LUCA LUPI

CH.89: If you were to categorize or describe the style of your artwork, what would it be and why?

LL: Minimal and essential. We live in a noisy, conformed and chaotic world and the aim of the artist is also to interpret and simplify reality to make it more understandable.

CH.89: Where do you draw your inspiration from?

LL: From the world around me.

CH.89: Can you talk a little bit about what your creative thought process is like when starting a new project/ piece of artwork?

LL: Usually the work starts from an idea, which I sketch in a notebook, and continues with the search for the possible place to be photographed through the use of the internet and the study of cartography. When I find the place I do a more accurate search on Google Earth Pro and control what the possible points of recovery and their accessibility are. The second phase is to organize the trip, the request for any permits and the choice of a period with favorable weather to be able to take photographs in the absence of clouds. Photo shooting if everything goes well lasts one or two hours, finally the studio work remains from the development of the file to the press.

CH.89: Is there anything in particular that you would want people to take from your artwork?

LL: A new vision of the world in which they live in.

CH.89: Can you talk a little bit about your lifestyle as an artist and what that is like?

LL: Simple, I like it when work and life become the same thing.

CH.89: When starting out an artistic task, do you think it is better to have a particular direction/set plan guiding your way? Or, is it better to act on impulse and go from there?

LL: When you start a project or a new series it is important to have a precise idea that guides you; however, it can change as you proceed with the inputs you find along the way

CH.89: What is one major lesson you’ve learned as an artist thus far?

LL: The commitment and seriousness in the work always pays off.

CH.89: Do you regard personal style & taste to be of highest importance?

LL: It helps.

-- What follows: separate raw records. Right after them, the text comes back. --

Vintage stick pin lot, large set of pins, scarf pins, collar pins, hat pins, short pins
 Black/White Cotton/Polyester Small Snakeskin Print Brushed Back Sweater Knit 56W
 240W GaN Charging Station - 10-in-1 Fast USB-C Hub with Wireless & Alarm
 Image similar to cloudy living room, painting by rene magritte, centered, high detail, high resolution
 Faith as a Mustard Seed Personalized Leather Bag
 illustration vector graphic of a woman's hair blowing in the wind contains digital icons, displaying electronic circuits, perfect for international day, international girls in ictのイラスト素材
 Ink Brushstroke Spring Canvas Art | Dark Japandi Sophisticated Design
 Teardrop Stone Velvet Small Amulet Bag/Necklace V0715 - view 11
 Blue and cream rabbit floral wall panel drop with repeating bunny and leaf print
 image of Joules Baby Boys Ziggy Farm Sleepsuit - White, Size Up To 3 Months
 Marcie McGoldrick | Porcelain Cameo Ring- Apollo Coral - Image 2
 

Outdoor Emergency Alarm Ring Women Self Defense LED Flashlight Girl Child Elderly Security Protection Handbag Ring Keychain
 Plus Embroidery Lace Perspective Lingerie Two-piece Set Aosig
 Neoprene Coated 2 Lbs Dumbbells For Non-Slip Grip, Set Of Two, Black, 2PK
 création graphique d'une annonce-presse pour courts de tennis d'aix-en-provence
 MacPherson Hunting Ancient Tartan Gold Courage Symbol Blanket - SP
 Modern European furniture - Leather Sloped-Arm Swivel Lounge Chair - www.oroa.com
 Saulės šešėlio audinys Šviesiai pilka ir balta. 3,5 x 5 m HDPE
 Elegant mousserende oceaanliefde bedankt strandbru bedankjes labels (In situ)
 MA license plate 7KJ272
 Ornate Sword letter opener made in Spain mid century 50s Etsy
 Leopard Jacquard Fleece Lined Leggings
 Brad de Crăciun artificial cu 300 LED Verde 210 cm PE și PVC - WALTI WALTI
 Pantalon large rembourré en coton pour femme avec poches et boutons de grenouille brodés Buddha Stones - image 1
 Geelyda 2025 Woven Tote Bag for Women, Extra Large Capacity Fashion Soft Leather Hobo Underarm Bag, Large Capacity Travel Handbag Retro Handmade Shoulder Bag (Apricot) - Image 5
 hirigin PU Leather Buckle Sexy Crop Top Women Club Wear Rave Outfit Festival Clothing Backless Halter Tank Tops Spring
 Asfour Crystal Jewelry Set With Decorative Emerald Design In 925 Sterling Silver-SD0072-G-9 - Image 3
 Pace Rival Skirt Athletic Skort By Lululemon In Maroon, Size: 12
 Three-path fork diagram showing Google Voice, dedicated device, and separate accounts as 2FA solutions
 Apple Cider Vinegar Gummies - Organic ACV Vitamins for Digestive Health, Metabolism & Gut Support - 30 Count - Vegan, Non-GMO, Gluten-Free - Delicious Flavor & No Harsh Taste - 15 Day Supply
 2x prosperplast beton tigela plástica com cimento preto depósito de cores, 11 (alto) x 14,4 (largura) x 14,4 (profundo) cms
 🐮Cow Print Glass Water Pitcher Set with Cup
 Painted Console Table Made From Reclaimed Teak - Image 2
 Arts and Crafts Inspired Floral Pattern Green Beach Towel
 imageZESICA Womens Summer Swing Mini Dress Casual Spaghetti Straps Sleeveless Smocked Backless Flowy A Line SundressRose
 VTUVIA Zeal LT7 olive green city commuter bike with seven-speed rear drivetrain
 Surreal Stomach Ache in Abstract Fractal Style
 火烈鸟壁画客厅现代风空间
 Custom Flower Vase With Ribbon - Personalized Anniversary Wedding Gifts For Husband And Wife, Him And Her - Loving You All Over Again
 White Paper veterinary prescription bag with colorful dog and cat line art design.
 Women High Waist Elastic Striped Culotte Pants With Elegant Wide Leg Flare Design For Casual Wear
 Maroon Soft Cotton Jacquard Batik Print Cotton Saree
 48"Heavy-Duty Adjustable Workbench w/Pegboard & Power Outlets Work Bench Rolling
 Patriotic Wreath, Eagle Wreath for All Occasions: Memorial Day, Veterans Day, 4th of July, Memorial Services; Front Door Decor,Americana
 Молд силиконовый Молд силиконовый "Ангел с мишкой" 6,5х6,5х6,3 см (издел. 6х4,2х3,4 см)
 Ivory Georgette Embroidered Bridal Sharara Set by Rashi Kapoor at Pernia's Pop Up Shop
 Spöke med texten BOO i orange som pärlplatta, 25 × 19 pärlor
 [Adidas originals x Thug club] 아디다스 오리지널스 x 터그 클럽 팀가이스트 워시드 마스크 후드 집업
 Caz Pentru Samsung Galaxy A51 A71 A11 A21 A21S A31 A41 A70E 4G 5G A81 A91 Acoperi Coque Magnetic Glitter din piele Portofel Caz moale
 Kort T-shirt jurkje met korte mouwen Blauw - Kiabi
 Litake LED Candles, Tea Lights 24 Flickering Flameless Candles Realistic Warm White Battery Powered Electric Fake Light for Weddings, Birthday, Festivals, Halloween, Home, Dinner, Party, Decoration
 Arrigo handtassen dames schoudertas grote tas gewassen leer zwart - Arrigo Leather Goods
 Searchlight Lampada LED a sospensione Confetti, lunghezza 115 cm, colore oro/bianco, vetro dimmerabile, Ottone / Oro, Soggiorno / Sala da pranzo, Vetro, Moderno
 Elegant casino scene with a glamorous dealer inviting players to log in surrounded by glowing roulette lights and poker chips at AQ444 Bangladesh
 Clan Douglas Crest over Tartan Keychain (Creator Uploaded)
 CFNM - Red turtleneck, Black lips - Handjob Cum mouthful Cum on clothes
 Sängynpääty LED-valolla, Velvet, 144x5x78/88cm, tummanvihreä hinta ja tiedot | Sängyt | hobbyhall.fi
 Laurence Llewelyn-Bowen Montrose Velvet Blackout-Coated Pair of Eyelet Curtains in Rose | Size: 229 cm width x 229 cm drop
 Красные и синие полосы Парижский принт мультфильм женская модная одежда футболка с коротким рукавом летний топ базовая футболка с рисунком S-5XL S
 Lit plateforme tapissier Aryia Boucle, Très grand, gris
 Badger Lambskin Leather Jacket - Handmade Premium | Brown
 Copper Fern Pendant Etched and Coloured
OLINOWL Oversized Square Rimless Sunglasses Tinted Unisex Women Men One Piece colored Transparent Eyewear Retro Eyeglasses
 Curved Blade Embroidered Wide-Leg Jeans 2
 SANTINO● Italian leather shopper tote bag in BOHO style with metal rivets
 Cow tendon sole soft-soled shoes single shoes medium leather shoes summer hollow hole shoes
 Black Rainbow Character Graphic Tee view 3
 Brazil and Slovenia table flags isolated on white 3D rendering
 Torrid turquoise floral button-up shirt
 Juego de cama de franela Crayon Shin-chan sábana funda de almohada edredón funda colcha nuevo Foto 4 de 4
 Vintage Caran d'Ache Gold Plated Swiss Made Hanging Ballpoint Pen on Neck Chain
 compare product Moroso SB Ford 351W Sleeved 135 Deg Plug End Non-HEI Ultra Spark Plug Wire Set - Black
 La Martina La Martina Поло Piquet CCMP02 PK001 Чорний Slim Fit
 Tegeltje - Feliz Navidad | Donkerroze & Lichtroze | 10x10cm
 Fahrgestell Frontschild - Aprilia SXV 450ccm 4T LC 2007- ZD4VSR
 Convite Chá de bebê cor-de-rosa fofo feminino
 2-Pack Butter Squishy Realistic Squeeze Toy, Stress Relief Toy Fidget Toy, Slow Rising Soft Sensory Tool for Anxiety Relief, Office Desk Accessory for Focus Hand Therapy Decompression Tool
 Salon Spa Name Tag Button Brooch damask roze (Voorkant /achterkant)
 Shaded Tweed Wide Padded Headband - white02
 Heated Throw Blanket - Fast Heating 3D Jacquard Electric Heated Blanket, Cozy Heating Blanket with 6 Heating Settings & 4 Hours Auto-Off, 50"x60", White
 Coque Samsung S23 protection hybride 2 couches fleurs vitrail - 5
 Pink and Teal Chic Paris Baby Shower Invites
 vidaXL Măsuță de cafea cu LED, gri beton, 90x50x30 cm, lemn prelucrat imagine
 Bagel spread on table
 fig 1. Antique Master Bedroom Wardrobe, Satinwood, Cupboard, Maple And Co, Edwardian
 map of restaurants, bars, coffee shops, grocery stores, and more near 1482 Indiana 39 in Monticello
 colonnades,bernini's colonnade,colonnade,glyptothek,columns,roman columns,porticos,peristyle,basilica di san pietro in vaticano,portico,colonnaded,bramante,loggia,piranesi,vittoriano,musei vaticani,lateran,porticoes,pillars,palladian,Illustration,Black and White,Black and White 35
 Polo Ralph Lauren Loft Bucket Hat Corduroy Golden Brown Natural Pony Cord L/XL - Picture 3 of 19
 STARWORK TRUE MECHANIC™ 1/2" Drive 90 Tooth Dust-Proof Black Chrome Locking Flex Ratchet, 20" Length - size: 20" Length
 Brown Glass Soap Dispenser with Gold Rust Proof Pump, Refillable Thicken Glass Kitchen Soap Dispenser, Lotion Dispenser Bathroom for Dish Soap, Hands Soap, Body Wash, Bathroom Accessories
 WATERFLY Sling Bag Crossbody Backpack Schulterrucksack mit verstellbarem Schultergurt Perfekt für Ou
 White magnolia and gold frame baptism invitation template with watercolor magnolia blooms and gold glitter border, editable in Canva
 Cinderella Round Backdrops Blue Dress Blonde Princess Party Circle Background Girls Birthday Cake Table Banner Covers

In hundreds of images we see every day having a style that is recognizable is fundamental.

CH.89: What do you consider to be the hardest thing about being an artist?

LL: The art world.

CH.89: What is one thing you love about being an artist?

LL: When I can make people happy with my work

CH.89: Is there anyone in particular, any artist’s that inspire you in any way?

LL: Bernard and Hilla Becher and the Düsseldorf School, Hiroshi Sugimoto, Mark Rotcko…

CH.89: What do you think of technology in terms of being a useful tool for artists today?

LL: It is an important aspect for the realization of a project and complementary to the idea itself. I believe that in photography first with analogue and even more with digital it is necessary to know the technical and technological aspect of the medium in order to understand the potential and the limits that allow to realize what one has in mind. In the period in which we live in the relationship between art and technology is fascinating, I am passionate and I am interested in knowing and then deciding how to use it.

CH.89: Do you think being an artist allows you to view the world differently from those who don’t follow creative paths?

LL: Yes, of course, and I like to share it with my art.

CH.89: Do you enjoy traveling? If so, do you have a favorite city?

LL: I like traveling a lot because it opens my mind and gives me new ideas for new works. I particularly love seaside cities.

CH.89: Do you have a favorite author or book?

LL: All those authors who use writing as an evocative language of images, such as Italo Calvino in American Lessons or Georges Perec in Spaces Species.

CH.89: Any future goals or plans for your artwork?

LL: A new project that explores the changing landscape with the passage of time.

CH.89: What does being an artist mean to you?

LL: Having the opportunity to see beyond the hedge.

CH.89: What’s the last song you listened to?

LL: Now, while I’m answering your questions I’m listening to Aurora by Alva Noto and Ryuichi Sakamoto

CH.89: Any last words on the aesthetic of your artwork?

LL: I like to think of the affinity that a curator has found between my work and the theater, seeing the sea and the beach as if they were a big stage where a scene is represented and the sky works as a backdrop.